A journalist was recently fired from one of the largest and most well-known media organizations in the world over her criticism of Israel. We shouldn’t be surprised, though. This is hardly the first time and probably won’t be the last either given the last few years have seen multiple journalists lose their positions at mainstream media outlets following their criticism of Israel’s actions. And this highlights both these outlets’ increasing inability to cover the conflict in Palestine effectively and the need for independent media like The Canary to fill the gap in reporting that is left in the wake of that failure.
Fired for tweets made while a university student!
On 19 May, a reporter for the US-based newswire Associated Press was fired from her position for violating the company’s social media policy. Emily Wilder began working for the organization – which is the largest and oldest news agency/wire service in the US – just 16 days before her sacking. Reports say that the action was taken over Twitter posts she had made while a student at Stanford University in California. Wilder, who is herself Jewish, is said to have belonged to pro-Palestinian campus groups Jewish Voice for Peace and Students for Justice in Palestine while at Stanford.
Wilder has said that her sacking was prompted by a smear campaign launched by Stanford College Republicans, a right-wing student group at the university that described her on Twitter as an “anti-Israel agitator”. Far-right news outlets including Fox News and the Washington Free Beacon subsequently ran stories with headlines such as AP Hires Anti-Israel Activist as News Associate.
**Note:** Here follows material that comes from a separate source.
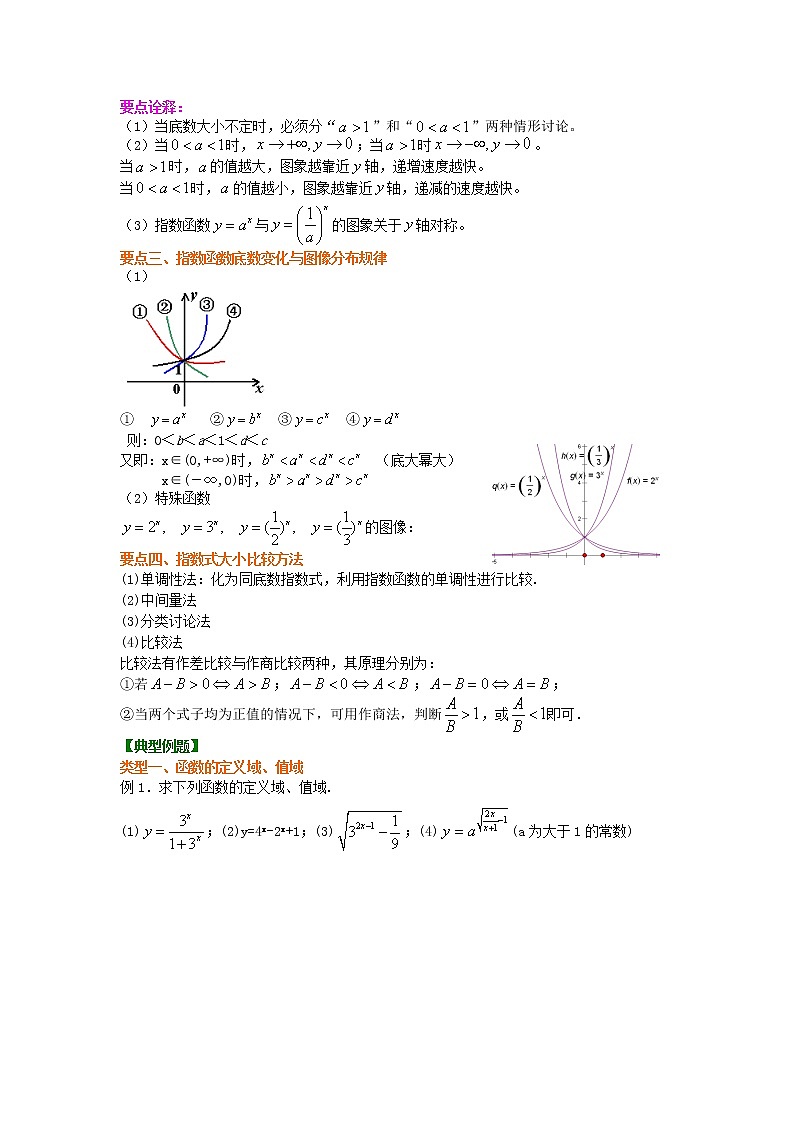 精编(人教版)必修一数学：22《指数函数及其性质》知识讲解 提高版(含答案)02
AP’s Objectivity in Question Amid Revelations it Shared Office Space with Hamas.
Just ‘one victim’ among many
In a statement posted on Twitter, Wilder said:
I am one victim to the asymmetrical enforcement of rules around objectivity and social media that has censored so many journalists – particularly Palestinian journalists and other journalists of color – before me.
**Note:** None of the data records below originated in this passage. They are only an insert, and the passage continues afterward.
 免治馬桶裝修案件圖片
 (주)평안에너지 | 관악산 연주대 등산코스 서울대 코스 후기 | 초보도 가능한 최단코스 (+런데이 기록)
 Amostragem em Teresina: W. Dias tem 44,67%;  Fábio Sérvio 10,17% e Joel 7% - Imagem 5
She had earlier said on Twitter:
“objectivity” feels fickle when the basic terms we use to report news implicitly stake a claim. using “israel” but never “palestine,” or “war” but not “siege and occupation” are political choices—yet media make those exact choices all the time without being flagged as biased
Wilder is correct that she is not the first person to have been sacked by a mainstream news outlet for criticizing the actions of the Israeli government. In February, the Guardian fired British-American journalist and academic Nathan J. Robinson over a purportedly “antisemitic” Twitter post about US military aid to Israel. The tweet suggested that there is a US law that every spending bill must include aid to Israel within its text in order to pass through Congress.
The Guardian demanding loyalty to Israel…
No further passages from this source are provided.